Extracted material Block Start
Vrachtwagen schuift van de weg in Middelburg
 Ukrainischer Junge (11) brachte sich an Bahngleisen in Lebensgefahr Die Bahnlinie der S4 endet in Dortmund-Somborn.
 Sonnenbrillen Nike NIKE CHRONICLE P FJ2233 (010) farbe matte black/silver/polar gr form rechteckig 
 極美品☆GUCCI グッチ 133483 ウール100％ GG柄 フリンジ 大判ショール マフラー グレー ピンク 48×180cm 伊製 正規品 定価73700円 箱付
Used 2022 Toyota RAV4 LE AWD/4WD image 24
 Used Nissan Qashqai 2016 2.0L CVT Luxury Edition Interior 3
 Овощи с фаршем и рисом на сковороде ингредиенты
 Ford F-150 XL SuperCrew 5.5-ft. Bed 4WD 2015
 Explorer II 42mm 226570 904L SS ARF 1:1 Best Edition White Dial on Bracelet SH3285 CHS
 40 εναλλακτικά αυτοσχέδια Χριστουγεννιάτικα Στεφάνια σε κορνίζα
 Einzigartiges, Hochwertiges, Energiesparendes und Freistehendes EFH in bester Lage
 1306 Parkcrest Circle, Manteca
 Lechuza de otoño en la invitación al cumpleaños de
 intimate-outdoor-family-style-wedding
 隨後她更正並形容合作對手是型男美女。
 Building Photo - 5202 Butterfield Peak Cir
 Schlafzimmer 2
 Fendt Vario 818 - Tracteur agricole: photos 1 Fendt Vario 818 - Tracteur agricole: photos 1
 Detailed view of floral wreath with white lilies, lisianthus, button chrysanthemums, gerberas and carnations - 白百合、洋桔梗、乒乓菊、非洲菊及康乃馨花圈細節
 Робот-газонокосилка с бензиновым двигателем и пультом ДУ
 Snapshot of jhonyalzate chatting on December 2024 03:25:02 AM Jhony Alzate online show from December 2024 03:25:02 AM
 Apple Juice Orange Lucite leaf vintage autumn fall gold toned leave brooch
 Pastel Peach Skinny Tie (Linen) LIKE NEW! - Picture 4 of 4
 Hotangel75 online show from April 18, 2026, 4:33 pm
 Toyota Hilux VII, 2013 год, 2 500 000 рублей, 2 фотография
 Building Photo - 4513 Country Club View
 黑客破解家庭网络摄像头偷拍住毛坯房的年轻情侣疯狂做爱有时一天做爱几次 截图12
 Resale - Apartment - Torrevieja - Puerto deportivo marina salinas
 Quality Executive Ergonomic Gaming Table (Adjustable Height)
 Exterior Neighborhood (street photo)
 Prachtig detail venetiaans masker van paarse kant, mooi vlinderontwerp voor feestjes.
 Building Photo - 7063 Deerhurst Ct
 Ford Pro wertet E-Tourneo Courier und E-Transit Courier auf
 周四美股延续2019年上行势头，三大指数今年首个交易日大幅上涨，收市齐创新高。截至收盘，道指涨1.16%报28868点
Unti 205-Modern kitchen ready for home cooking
Extracted material Block End
■ What the task requires
Check each line of the entries for the word "Ford". State how many lines hold it, and write nothing else.

■ Solution
2